• Exercise: Copy the records below exactly, starting at the line that contains "Wheels & Magnetic ..." and ending at the line that contains "Thomasville 1970s Thomasville"; leave out any pictures.

• Exercise data:
▼

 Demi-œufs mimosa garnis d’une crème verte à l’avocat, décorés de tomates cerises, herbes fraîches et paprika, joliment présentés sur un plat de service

▲
▼

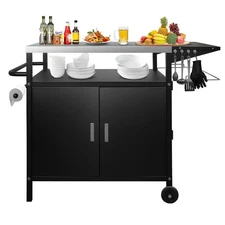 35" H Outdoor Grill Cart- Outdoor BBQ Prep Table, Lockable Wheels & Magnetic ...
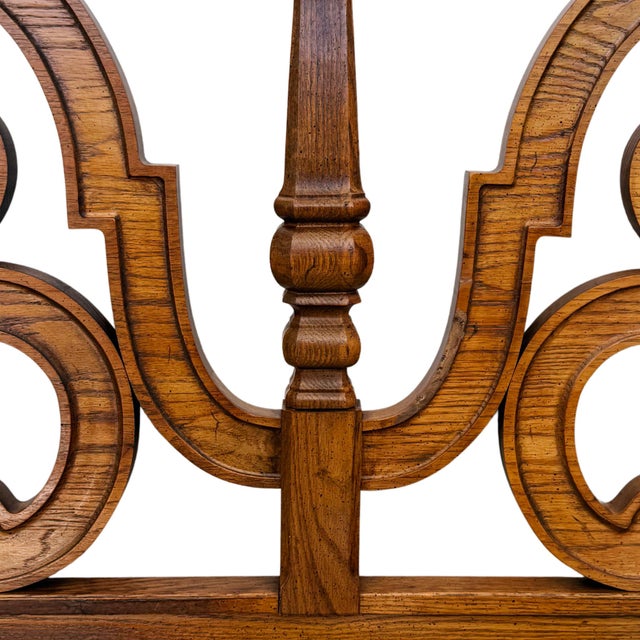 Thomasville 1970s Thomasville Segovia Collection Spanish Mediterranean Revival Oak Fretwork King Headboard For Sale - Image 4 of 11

▲

• Result of the task:
 35" H Outdoor Grill Cart- Outdoor BBQ Prep Table, Lockable Wheels & Magnetic ...
 Thomasville 1970s Thomasville Segovia Collection Spanish Mediterranean Revival Oak Fretwork King Headboard For Sale - Image 4 of 11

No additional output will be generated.